One of the fundamental aspects that traders look for is assessing the momentum of the stock price. The Relative Strength Index or RSI is one of the most commonly used momentum indicators. It measures the extent of the recent fluctuations in price and assesses if the stock has been oversold or over-purchased. You can choose the RSI indicator via the Indicator tab at the top of the screen. As soon as you click it, a line graph is displayed on the screen, below the existing chart (as selected by you). This is an oscillator graph that reads between 0 and 100. Typically, an RSI reading of less than 30 indicates a stock that is oversold or undervalued; and reading of greater than 70 indicates a stock that is overvalued or over-purchased. Here is what an RSI oscillator looks like:

This indicator offers valuable insights into the volume/price condition of the stock.
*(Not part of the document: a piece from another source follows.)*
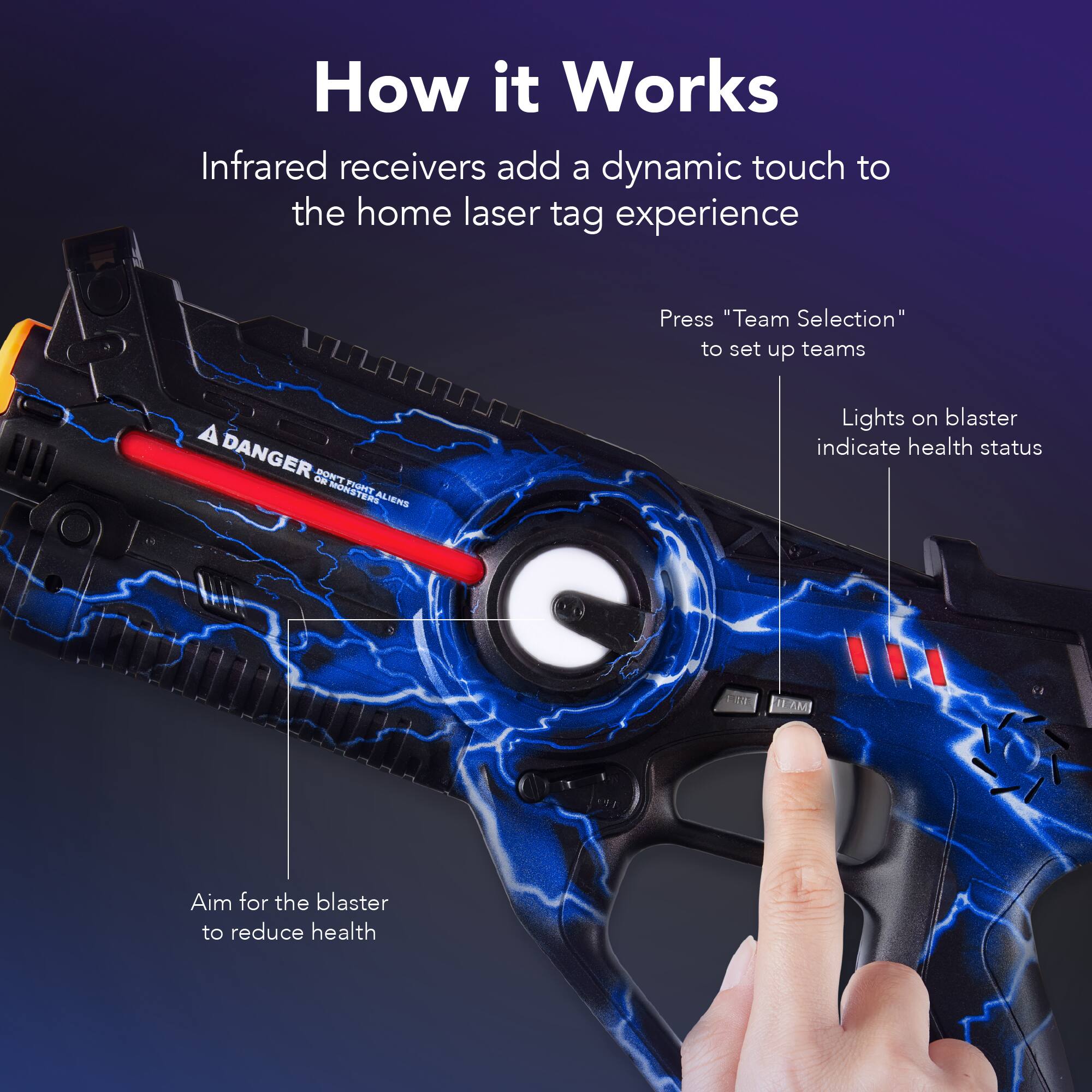 How it Works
2. MACD – Moving Average Convergence Divergence

For traders who understand statistics, MACD is a common function used to assess if the bullish or bearish trends in the price of a stock are getting weaker or stronger. MACD is a momentum indicator that plots the relationship between two moving averages (MAs) of the price of a security. To calculate MACD, the 26-period exponential moving average or EMA is subtracted from the 12-period EMA. Further, a nine-day exponential moving average of the MACD, called the Signal line, which offers triggers for buy and sell transactions, is also displayed on the chart. On Groww, MACD is displayed along with a histogram that highlights the distance between the MACD line and the Signal line. MACD, along with the RSI indicator can offer a clearer perspective about the price momentum of a stock. Here is how a MACD graph looks:

Lastly, you can right-click on the MACD area and customize the settings to choose values as needed by you for your analysis.
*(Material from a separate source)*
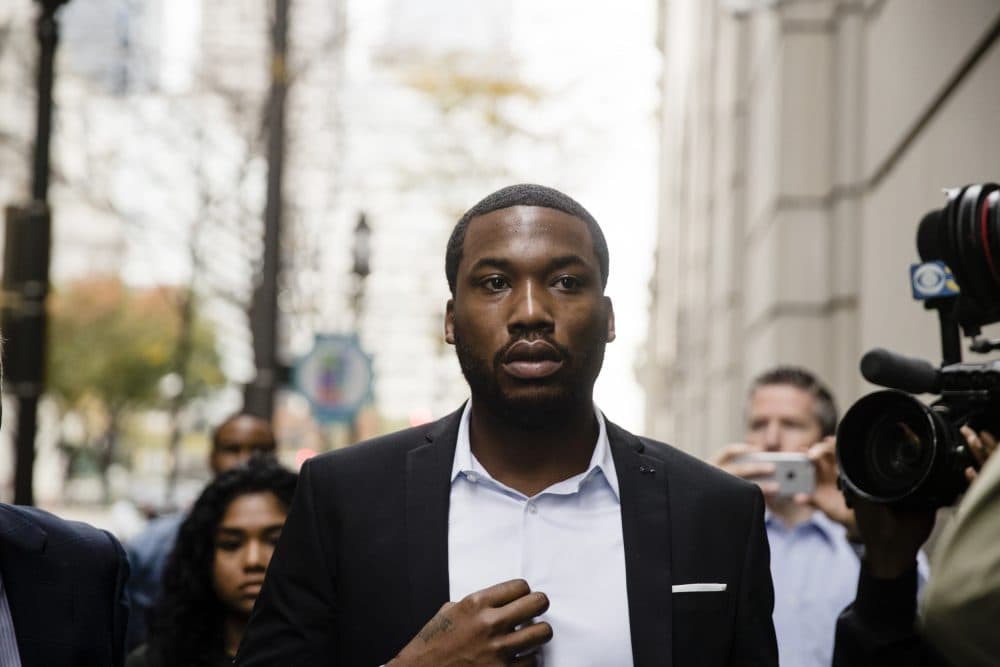 Rapper Meek Mill arrives at the criminal justice center in Philadelphia, Monday, Nov. 6, 2017. A Philadelphia judge has sentenced rapper Mill to two to four years in state prison for violating probation in a nearly decade-old gun and drug case. (Matt Rourke/AP)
3. VWAP – Volume Weighted Average Price

The Volume Weighted Average Price or VWAP is an excellent indicator of the relative strength of a stock. It is the average trading price of a stock in a day based on the stock price and trading volume. It is used primarily by short-term stock traders to get a more accurate estimate about the price action. There are various ways in which this indicator can be used to make profitable trading decisions quickly including:

  • VWAP Pullback Entry
  • VWAP Breakout Entry
  • Aggressive trade Stop
  • Pullback Stop
  • Selling at the day’s high
  • Selling at a Fibonacci Extension Level

It is preferred by traders since it allows them to:

  • Buy low and sell high
  • Receive a signal of change in the market bias
  • Get dynamic support and resistance levels
  • Be sure about counter-trend trading opportunities
  • Beat the high-frequency trading algorithms

As a trader, using a VWAP indicator will require a lot of practice of reading it and correlating it with trading opportunities. Here is what it looks like:

You also have the option of plotting the standard deviation bands above and below the VWAP line. There are three options available as shown below:

Observing how the stock price performs within these standard deviation bands can offer interesting buying and selling areas to traders.

4. Moving Average

As a trader, one of the most difficult things to do is predicting trends in the stock markets. To avoid complete speculation, chart analysis and using the right indicators is crucial. A moving average indicator is widely used by traders to identify an up-trend, down-trend, upward momentum, and downward momentum. It is also used to identify support and resistance levels. This is what a moving average looks like on a candlestick chart:

On the Groww platform, if you right-click on the moving average line, you can choose the period for which you want to view the moving average. Usually, traders opt for a 50 or 200-day moving average. It is important to remember that since this is a moving average, a shorter period would make it highly sensitive to price movements and a longer period will make it less sensitive. Depending on your needs, you can choose the period and view the moving average for the stock.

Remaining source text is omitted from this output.